Il commento del presidente del Consiglio nazionale forense –  Francesco Greco

“L’abrogazione radicale dell’abuso d’ufficio, sancita dal recente ddl Nordio, rappresenta un significativo passo avanti verso una maggiore certezza del diritto. La riforma del reato, che ha sempre avuto un’ampia risonanza mediatica e residuali risvolti sul piano giudiziario, permetterà agli amministratori pubblici e ai funzionari di svolgere il proprio lavoro senza la costante minaccia di incriminazioni talvolta strumentali.”

Spunta un reato “sostitutivo”

“(…..) il governo ha fatto passare alla chetichella una misura-tampone per colmare almeno in parte il vuoto normativo che si produrrà con l’abrogazione, accogliendo la moral suasion del Quirinale e allontanando il rischio di una procedura d’infrazione europea. Nel decreto-legge dedicato alle carceri è stata infilata l’ennesima nuova fattispecie di reato, chiamata “indebita destinazione di denaro o di cose mobili“: uno stratagemma per salvaguardare la punibilità del cosiddetto “peculato per distrazione“, cioè – semplificando al massimo – il reato del pubblico ufficiale che regala soldi pubblici agli amici. Infatti il peculato “classico”, previsto dall’articolo 314 del codice penale, punisce solo il funzionario che “si appropria” di denaro o altri beni pubblici, mentre chi li destina illegalmente a qualcun altro – un amico, un amante, un vicino di casa, un sostenitore politico – è punibile a titolo di abuso d’ufficio. Così, per evitare che i dipendenti pubblici realizzassero di poter fare “regalini” a destra e a manca senza rischiare nulla sul piano penale, l’esecutivo si è inventato la nuova fattispecie ad hoc, inserita subito dopo il peculato all’articolo 314-bis del codice.
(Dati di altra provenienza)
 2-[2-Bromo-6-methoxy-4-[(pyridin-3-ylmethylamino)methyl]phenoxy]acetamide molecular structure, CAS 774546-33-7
Eccola: “Il pubblico ufficiale o l’incaricato di un pubblico servizio, che, avendo per ragione del suo ufficio o servizio il possesso o comunque la disponibilità di denaro o di altra cosa mobile altrui, li destina a un uso diverso da quello previsto da specifiche disposizioni di legge o da atti aventi forza di legge dai quali non residuano margini di discrezionalità e intenzionalmente procura a sé o ad altri un ingiusto vantaggio patrimoniale o ad altri un danno ingiusto, è punito con la reclusione da sei mesi a tre anni“.
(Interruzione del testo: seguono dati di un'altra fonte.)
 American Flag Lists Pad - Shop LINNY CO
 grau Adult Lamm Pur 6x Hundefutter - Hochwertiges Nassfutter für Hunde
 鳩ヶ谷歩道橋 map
La sovrapponibilità del nuovo reato all’abuso d’ufficio evidente già dal lessico: la norma, infatti, copia le espressioni dell’articolo 323 del codice, citando le “specifiche disposizioni di legge” da cui non devono “residuare margini di discrezionalità” e l’”intenzionalità” del vantaggio o del danno procurato. Eppure il Guardasigilli Carlo Nordio nega l’evidenza: “È un’ipotesi completamente diversa. È diverso il bene protetto, qui si parla di distrazione, che significa veicolare le risorse che hai a disposizione verso una destinazione che non è quella fisiologica. Quindi non ha niente a che vedere con l’abuso di atti di ufficio che prescindeva dalla distrazione”. Ma la sua ricostruzione non regge: anche se l’abuso d’ufficio “prescinde” dalla distrazione, la distrazione di fondi, secondo la Cassazione, può senza dubbio costituire abuso d’ufficio, quando realizzata in violazione di legge per favorire un terzo. E a sottolineare l’incoerenza è il presidente dell’Associazione nazionale magistrati Giuseppe Santalucia: “La cosa che colpisce è che si abroga il reato di abuso d’ufficio e se ne introduce un altro, con decreto legge, che è il vecchio peculato per distrazione. È il segno tangibile che la scelta di abrogare l’abuso di ufficio è una scelta infelice. Si corre ai ripari con un provvedimento normativo d’urgenza per introdurre una pezza per colmare quei vuoti di tutela che saranno creati dall’imminente abrogazione dell’abuso. Hanno maturato anche loro una consapevolezza che il sistema non regge (fonte: Il Fatto Quotidiano).